YOUR GOAL:
Start to finish, return the listing below exactly, pictures excluded.

DATA BELOW:
▽

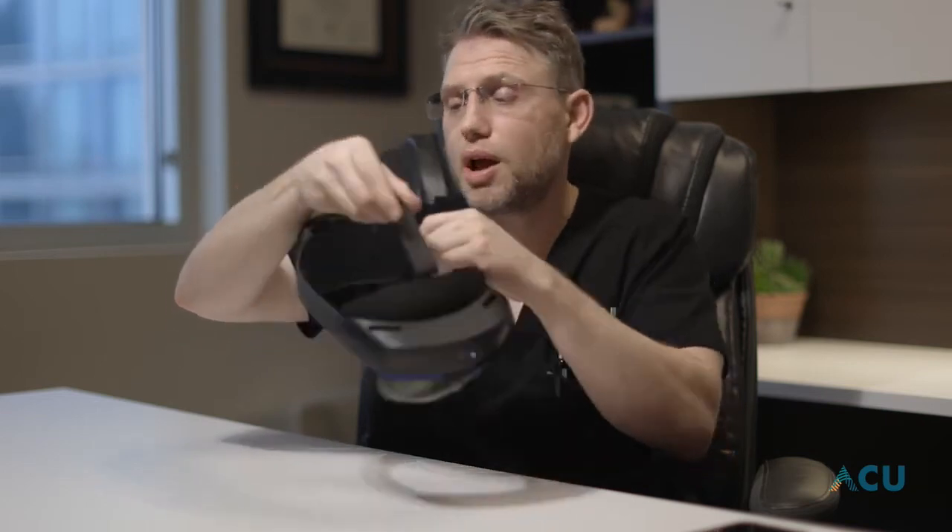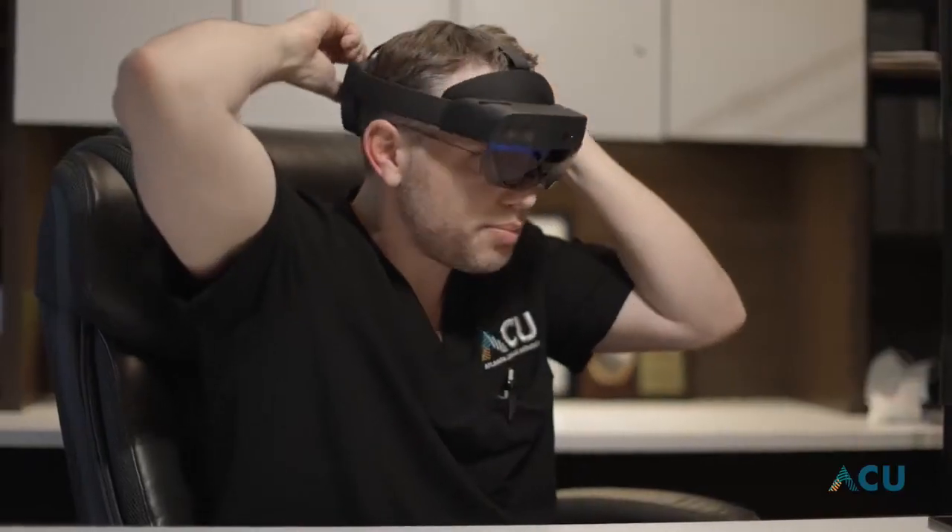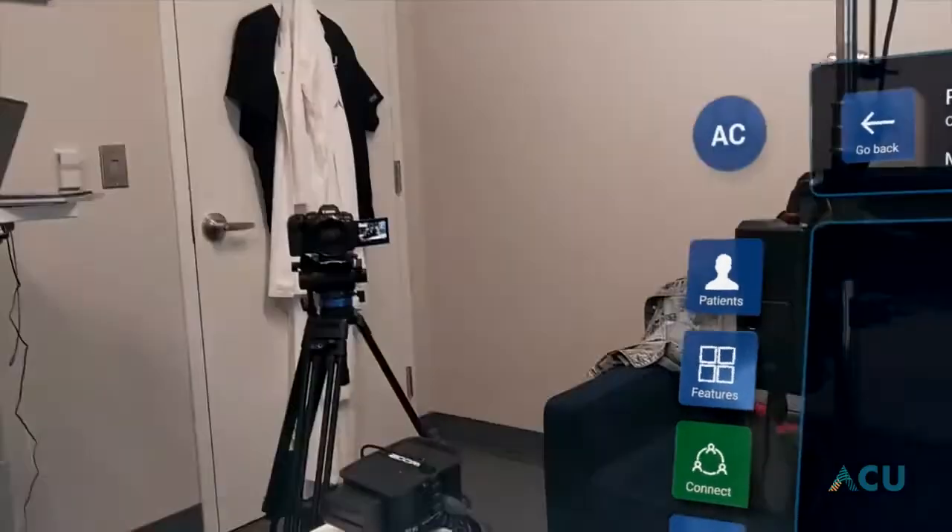This is our headset right here. It's by HoloLens. The HoloLens headset has a holographic heads-up display that allows us to see the patient and also the holographic network, and load the CAT scans and virtual reality and augmented reality images that onlay over the patient. It straps to the head with a strap back here. When we put this on, it allows us to see the patient through the augmented reality lens.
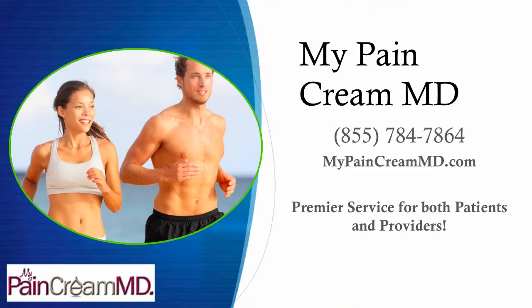Visit us today online at MyPainCreamMD.com and call us at 855-784-7864. I'm Dr. David Green with MyPainCreamMD. Your pain stops here.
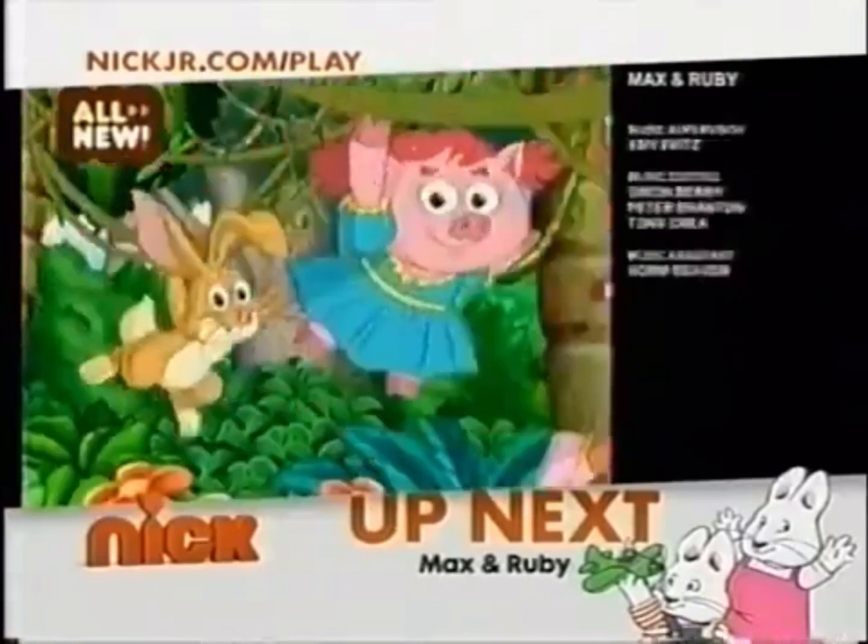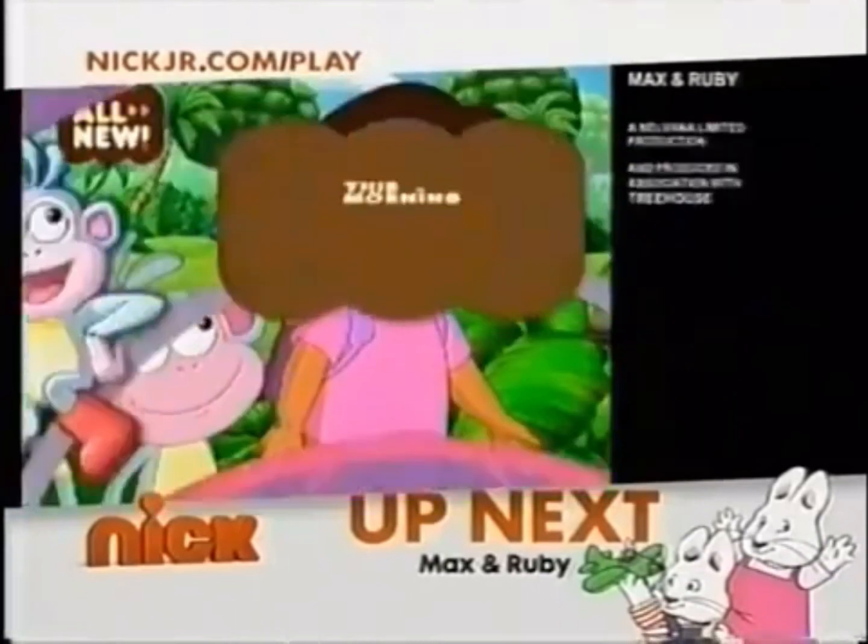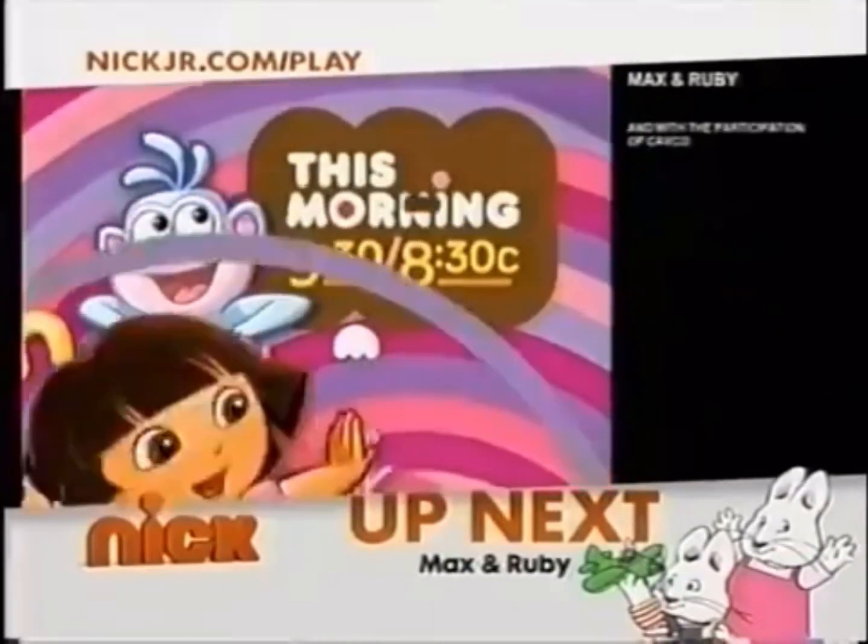Cool new episodes, cool new tools all week long. I can't wait, I can't wait! Starting this morning at 9:30 on Nick.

△

EXERCISE OUTPUT:
This is our headset right here. It's by HoloLens. The HoloLens headset has a holographic heads-up display that allows us to see the patient and also the holographic network, and load the CAT scans and virtual reality and augmented reality images that onlay over the patient. It straps to the head with a strap back here. When we put this on, it allows us to see the patient through the augmented reality lens.
Visit us today online at MyPainCreamMD.com and call us at 855-784-7864. I'm Dr. David Green with MyPainCreamMD. Your pain stops here.
Cool new episodes, cool new tools all week long. I can't wait, I can't wait! Starting this morning at 9:30 on Nick.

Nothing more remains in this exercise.